═════ MATERIAL FOR THE TASK ═════

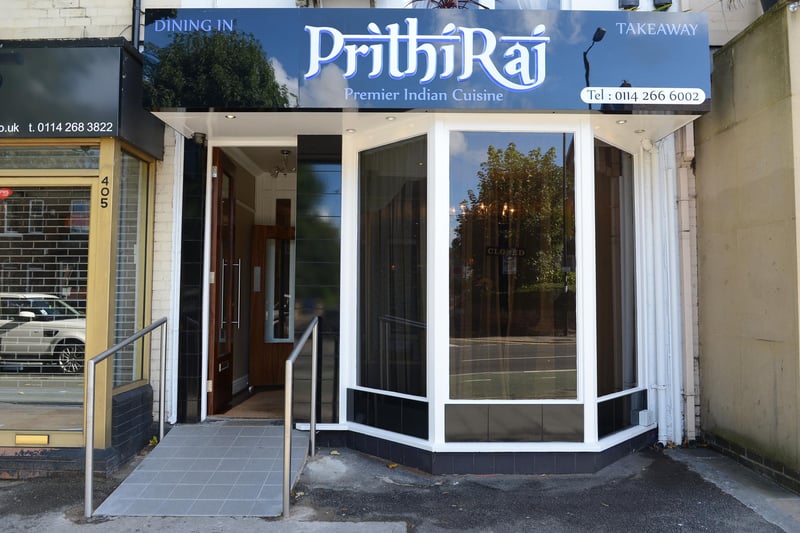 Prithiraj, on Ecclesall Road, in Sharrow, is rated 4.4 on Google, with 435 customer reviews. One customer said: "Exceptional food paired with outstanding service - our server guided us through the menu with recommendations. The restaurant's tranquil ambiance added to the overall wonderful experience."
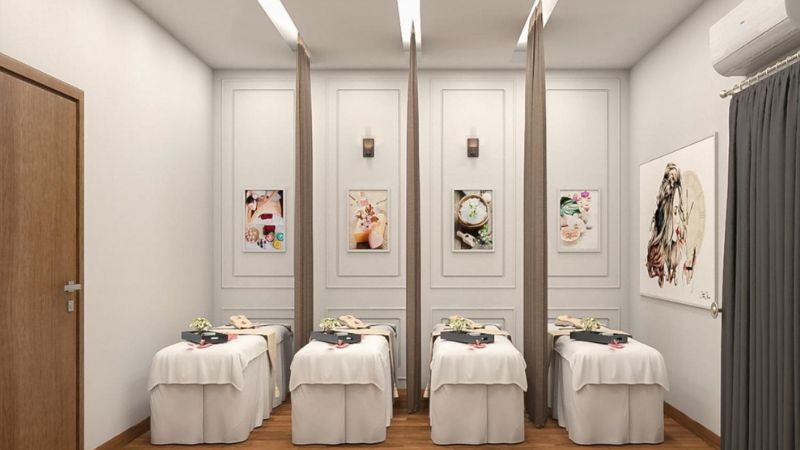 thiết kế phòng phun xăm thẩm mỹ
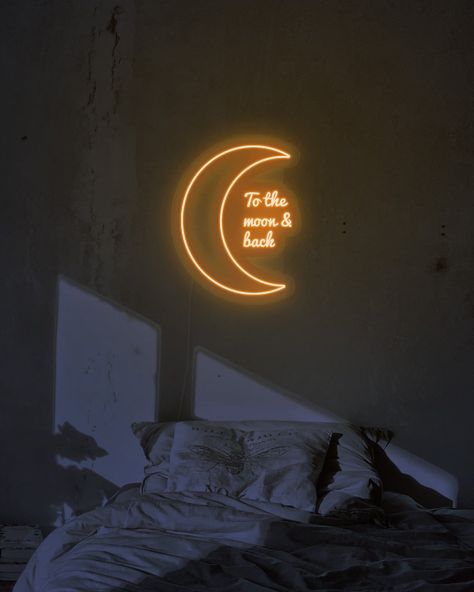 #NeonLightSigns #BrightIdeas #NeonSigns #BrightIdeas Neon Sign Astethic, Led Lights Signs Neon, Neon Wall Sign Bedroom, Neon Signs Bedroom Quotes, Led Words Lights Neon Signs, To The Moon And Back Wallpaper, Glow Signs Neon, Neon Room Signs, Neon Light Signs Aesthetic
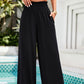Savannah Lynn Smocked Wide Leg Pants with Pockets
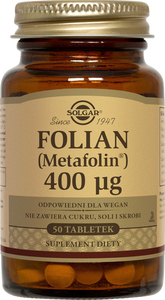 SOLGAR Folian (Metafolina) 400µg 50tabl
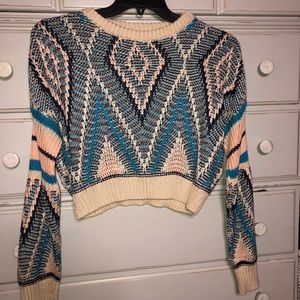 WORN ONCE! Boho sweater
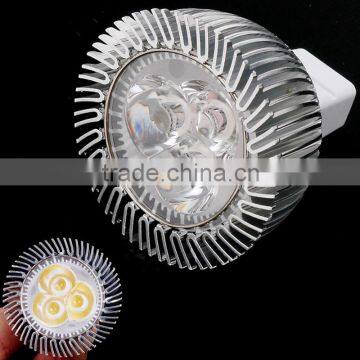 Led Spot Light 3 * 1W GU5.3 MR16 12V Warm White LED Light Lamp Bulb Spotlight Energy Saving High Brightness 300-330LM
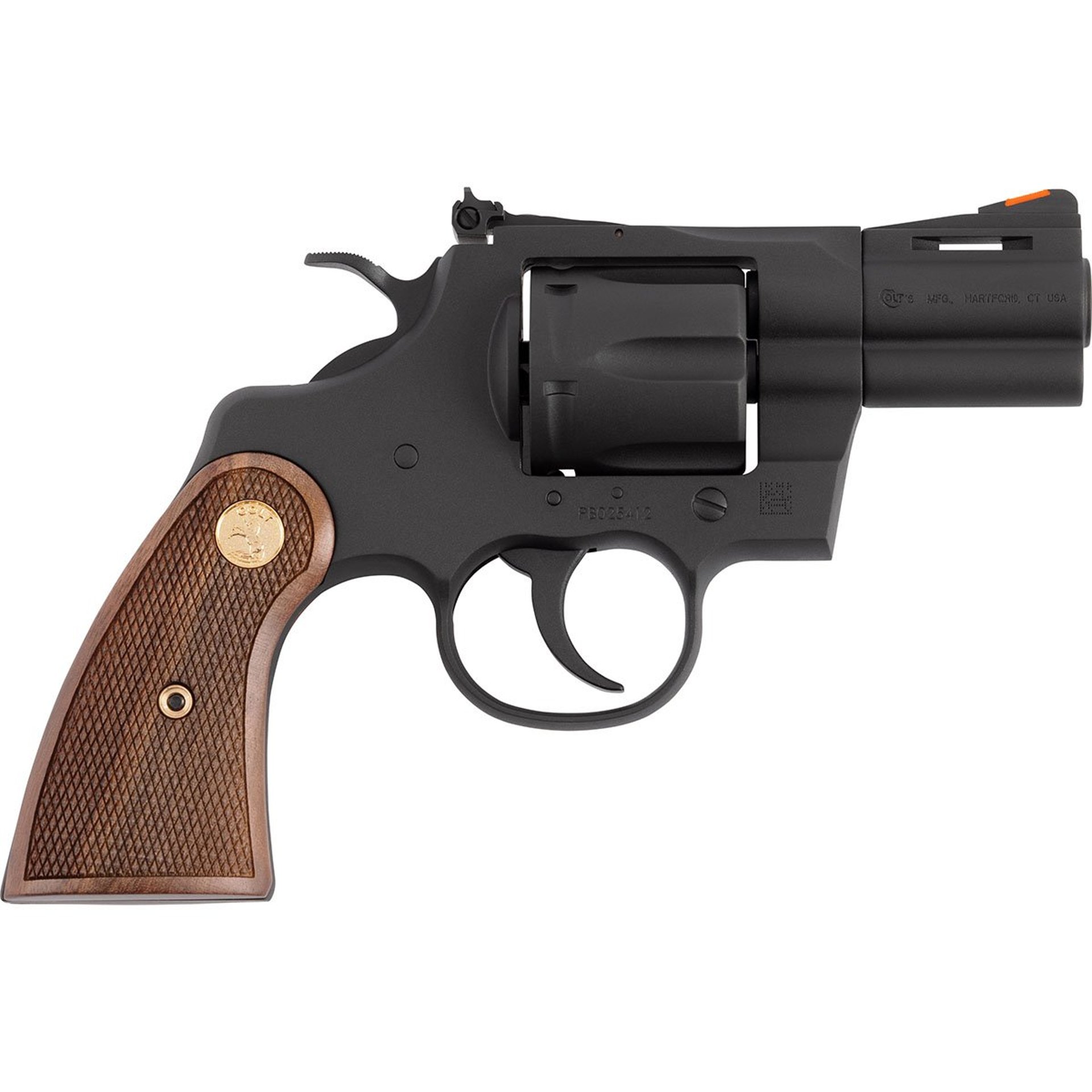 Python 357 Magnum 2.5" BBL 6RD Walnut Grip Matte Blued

═════
═════ MATERIAL FOR THE TASK ═════

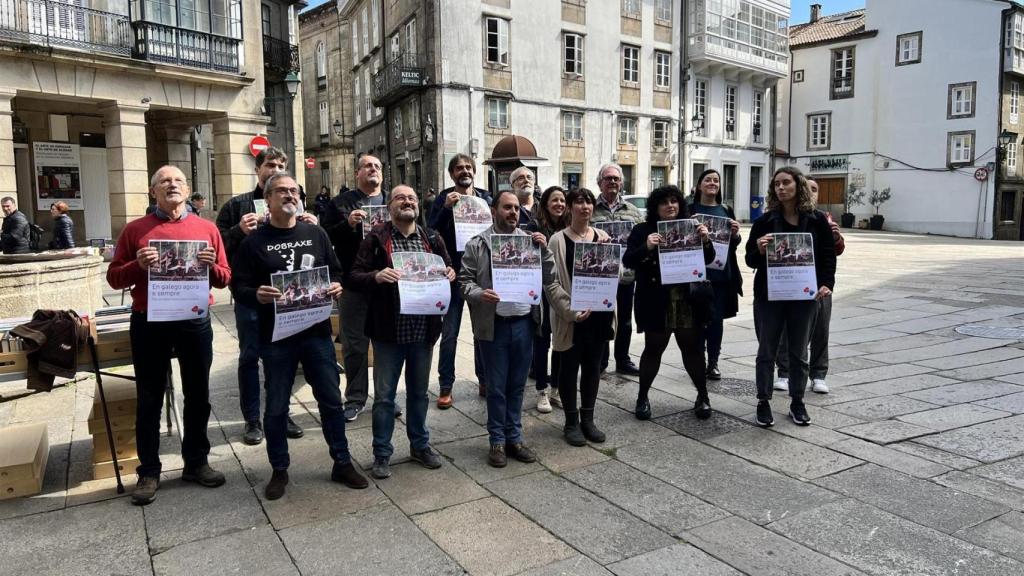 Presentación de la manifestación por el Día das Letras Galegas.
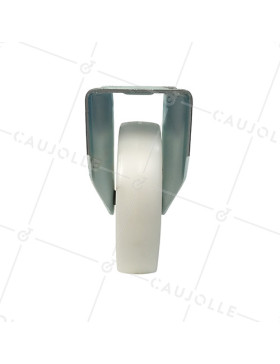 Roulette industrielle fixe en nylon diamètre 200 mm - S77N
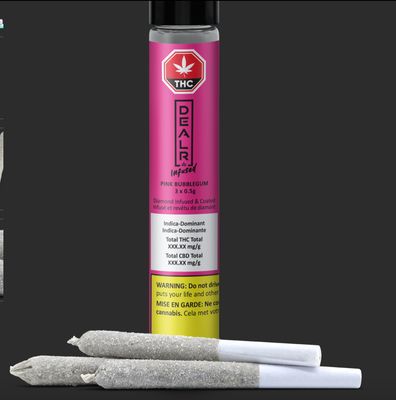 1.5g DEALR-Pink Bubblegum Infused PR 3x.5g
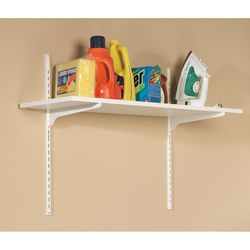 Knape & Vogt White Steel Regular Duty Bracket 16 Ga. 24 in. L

═════
═════ MATERIAL FOR THE TASK ═════

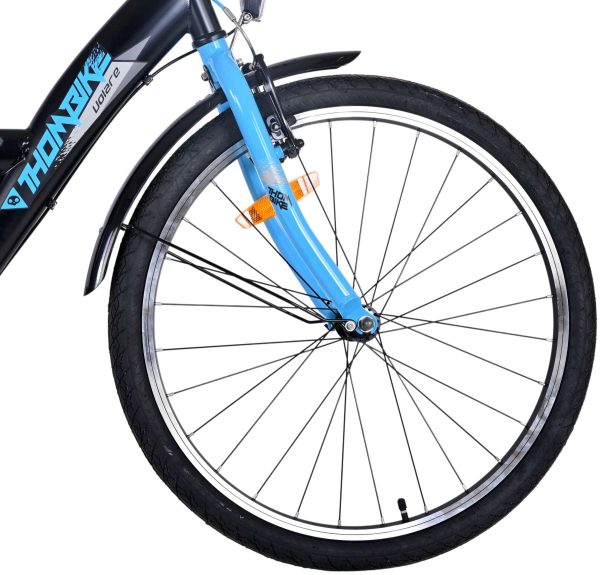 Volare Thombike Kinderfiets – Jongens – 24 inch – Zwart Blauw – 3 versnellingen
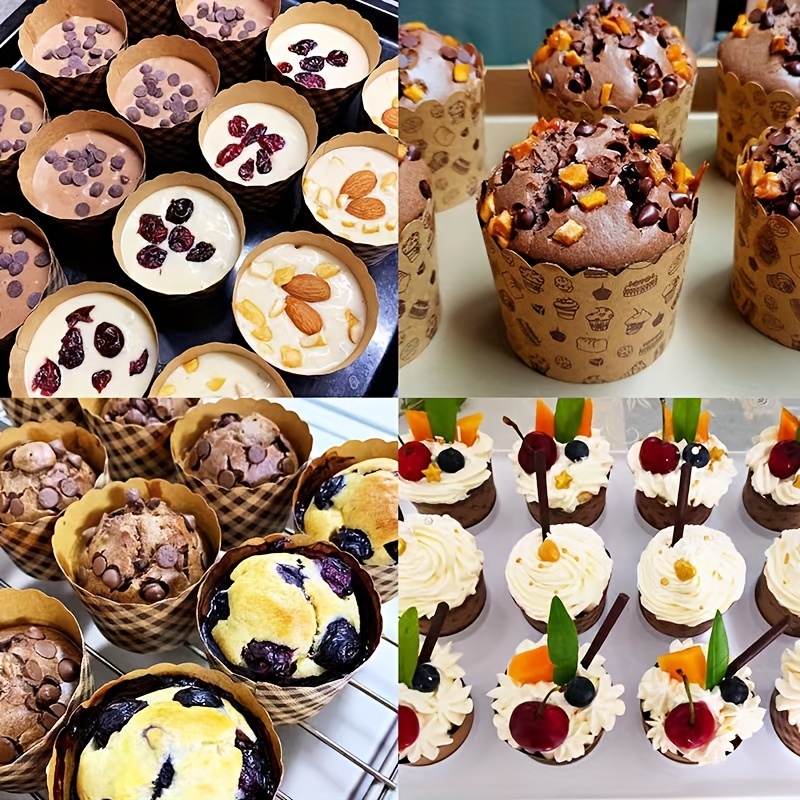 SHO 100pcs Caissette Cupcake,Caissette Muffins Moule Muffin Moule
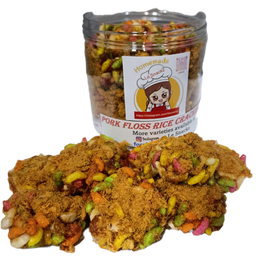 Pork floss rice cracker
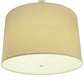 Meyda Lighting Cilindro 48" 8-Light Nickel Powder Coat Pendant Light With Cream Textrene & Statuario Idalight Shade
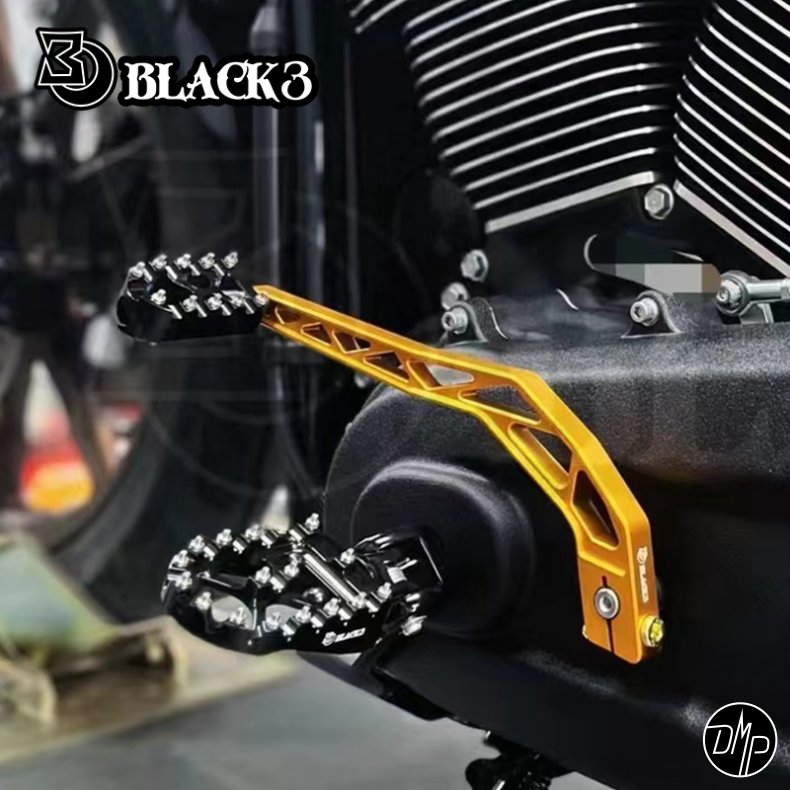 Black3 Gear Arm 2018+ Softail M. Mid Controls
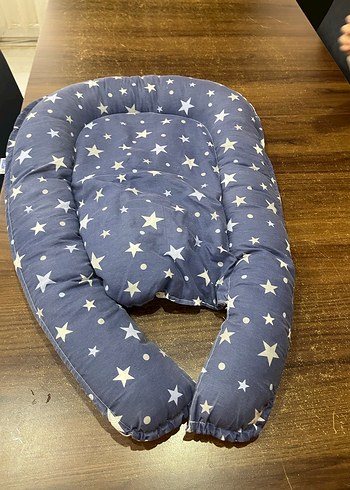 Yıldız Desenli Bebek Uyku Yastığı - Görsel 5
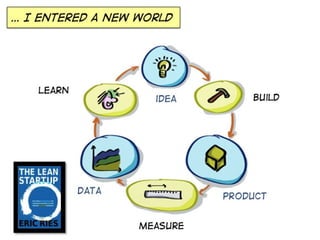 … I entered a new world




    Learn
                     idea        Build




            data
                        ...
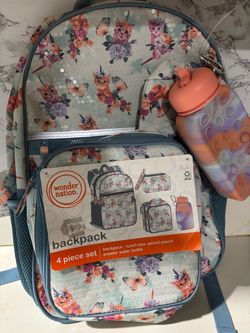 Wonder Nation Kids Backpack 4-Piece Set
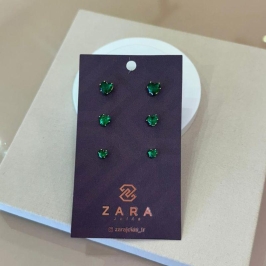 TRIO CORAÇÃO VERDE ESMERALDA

═════

REQUIRED ACTION. Taking the records above, print only and exactly the lines from the line with "Prithiraj, on Ecclesall" to the line with "WORN ONCE! Boho sweater", both kept, and exclude pictures.

WRITTEN RESPONSE.
 Prithiraj, on Ecclesall Road, in Sharrow, is rated 4.4 on Google, with 435 customer reviews. One customer said: "Exceptional food paired with outstanding service - our server guided us through the menu with recommendations. The restaurant's tranquil ambiance added to the overall wonderful experience."
 thiết kế phòng phun xăm thẩm mỹ
 #NeonLightSigns #BrightIdeas #NeonSigns #BrightIdeas Neon Sign Astethic, Led Lights Signs Neon, Neon Wall Sign Bedroom, Neon Signs Bedroom Quotes, Led Words Lights Neon Signs, To The Moon And Back Wallpaper, Glow Signs Neon, Neon Room Signs, Neon Light Signs Aesthetic
Savannah Lynn Smocked Wide Leg Pants with Pockets
 SOLGAR Folian (Metafolina) 400µg 50tabl
 WORN ONCE! Boho sweater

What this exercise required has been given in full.